Monday, Jul. 15, 1946

Goodbye Now

All over the U.S., veteran college and university professors were saying goodbye and climbing down from their lecture platforms--this time for keeps. Six topflight teachers whose retirements (in July or September) were announced last week:

P: Princeton's Christian Gauss, 68, judicious, quizzical, pince-nezed professor of modern languages, longtime Dean of the College.
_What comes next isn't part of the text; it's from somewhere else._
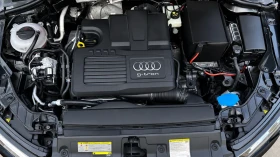 Audi A3 1.4 G TRON, снимка 10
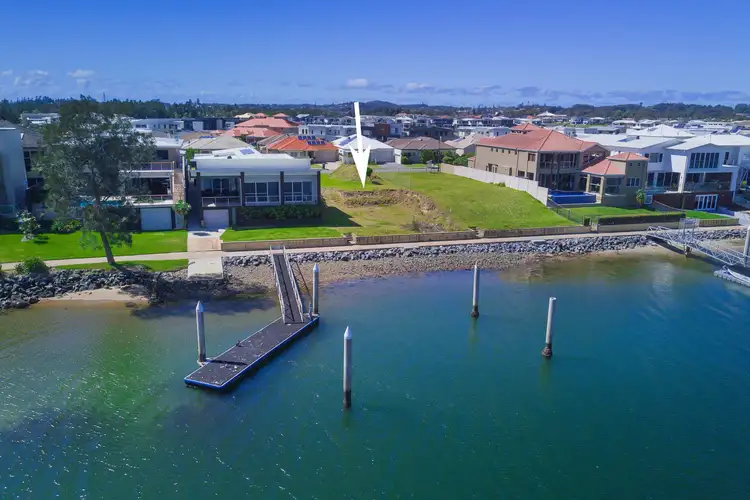 Fifth view of Homely land listing, 22 The Anchorage, Port Macquarie NSW 2444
Gauss and three others, all retiring now, are the last of President Woodrow Wilson's 47 preceptors, appointed in 1905. Another: Edward Samuel Corwin, 68, professor of jurisprudence, historian of the Constitution and the Court, vigorous defender of Roosevelt's 1937 court-packing plan.
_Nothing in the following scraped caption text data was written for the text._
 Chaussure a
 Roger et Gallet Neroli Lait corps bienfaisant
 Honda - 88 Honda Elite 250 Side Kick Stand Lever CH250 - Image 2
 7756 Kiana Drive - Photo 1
P: Harvard's Ralph Barton Perry, 70, Pulitzer Prizewinning philosopher (Thought and Character of William James), earnest letter-writing and speechifying internationalist; and Sydney Bradshaw Fay, 70, share-the-guilt historian of World War I (Origins of the World War).

P: Stanford's Albert Leon Guerard, 65, professor of literature, transplanted Frenchman, prolific critic and author (Art for Art's Sake, Preface to World Literature, France, a Short History, some 14 other volumes); and Thomas Addis, 64, Scotland-born authority on Bright's disease and other kidney ailments, winner of the Scottish Cullen Prize "for the greatest benefit done to practical medicine in the past four years" (1938-42).